| Required action |
Reproduce exactly only the lines from the line that holds "Nueva Bolsa para" to the line that holds "Jeffrey Costello, Mary", inclusive, in the listing below, and please leave out every picture.

| Stored data |
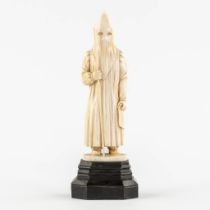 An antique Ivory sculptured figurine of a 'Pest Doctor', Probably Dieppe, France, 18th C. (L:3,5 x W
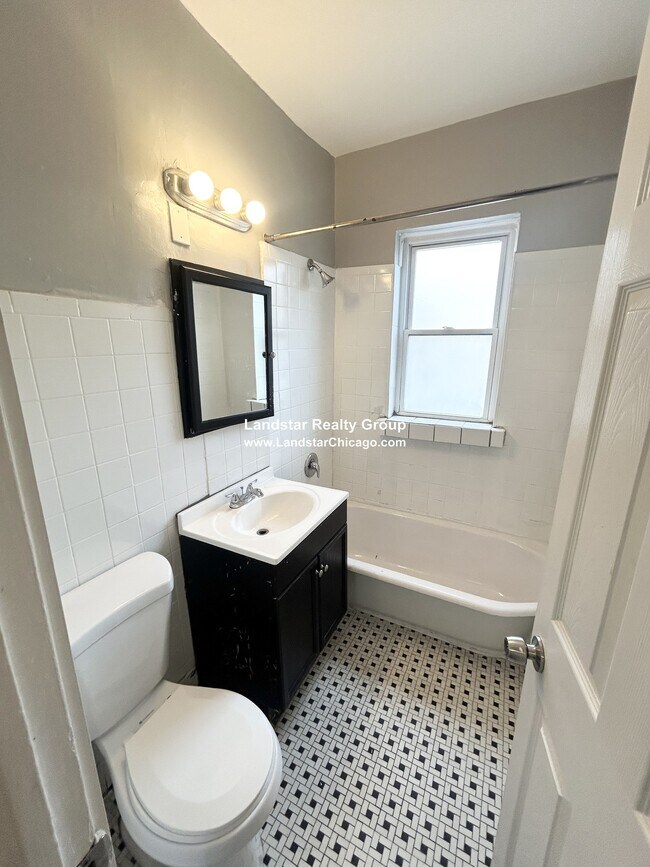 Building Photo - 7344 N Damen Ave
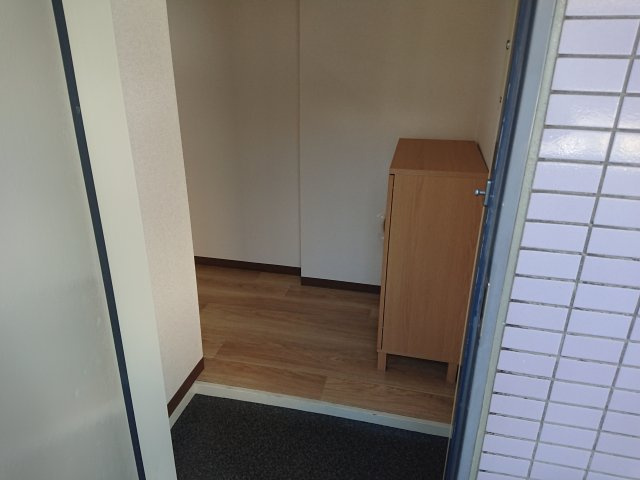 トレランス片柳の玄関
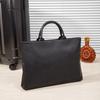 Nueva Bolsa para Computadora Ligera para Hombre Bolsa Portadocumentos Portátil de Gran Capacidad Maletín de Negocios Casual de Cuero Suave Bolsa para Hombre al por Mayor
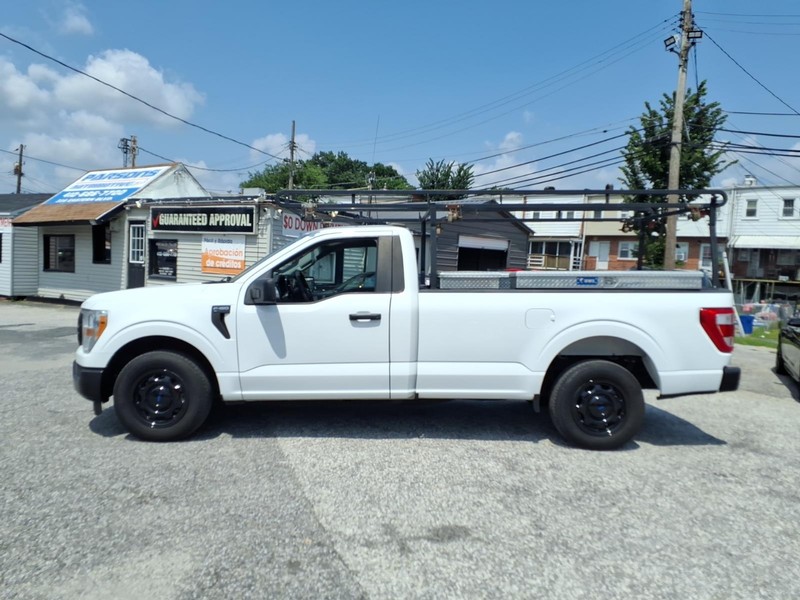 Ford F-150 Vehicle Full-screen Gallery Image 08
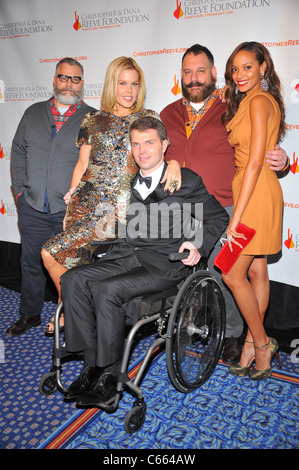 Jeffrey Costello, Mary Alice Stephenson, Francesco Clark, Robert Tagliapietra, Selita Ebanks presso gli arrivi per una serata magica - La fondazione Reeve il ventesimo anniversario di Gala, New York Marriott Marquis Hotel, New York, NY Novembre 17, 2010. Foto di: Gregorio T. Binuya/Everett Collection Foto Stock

---

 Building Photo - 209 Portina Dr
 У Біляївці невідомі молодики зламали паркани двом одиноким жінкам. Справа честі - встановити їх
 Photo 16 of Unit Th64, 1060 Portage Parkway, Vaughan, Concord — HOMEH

| Completed exercise |
 Nueva Bolsa para Computadora Ligera para Hombre Bolsa Portadocumentos Portátil de Gran Capacidad Maletín de Negocios Casual de Cuero Suave Bolsa para Hombre al por Mayor
 Ford F-150 Vehicle Full-screen Gallery Image 08
 Jeffrey Costello, Mary Alice Stephenson, Francesco Clark, Robert Tagliapietra, Selita Ebanks presso gli arrivi per una serata magica - La fondazione Reeve il ventesimo anniversario di Gala, New York Marriott Marquis Hotel, New York, NY Novembre 17, 2010. Foto di: Gregorio T. Binuya/Everett Collection Foto Stock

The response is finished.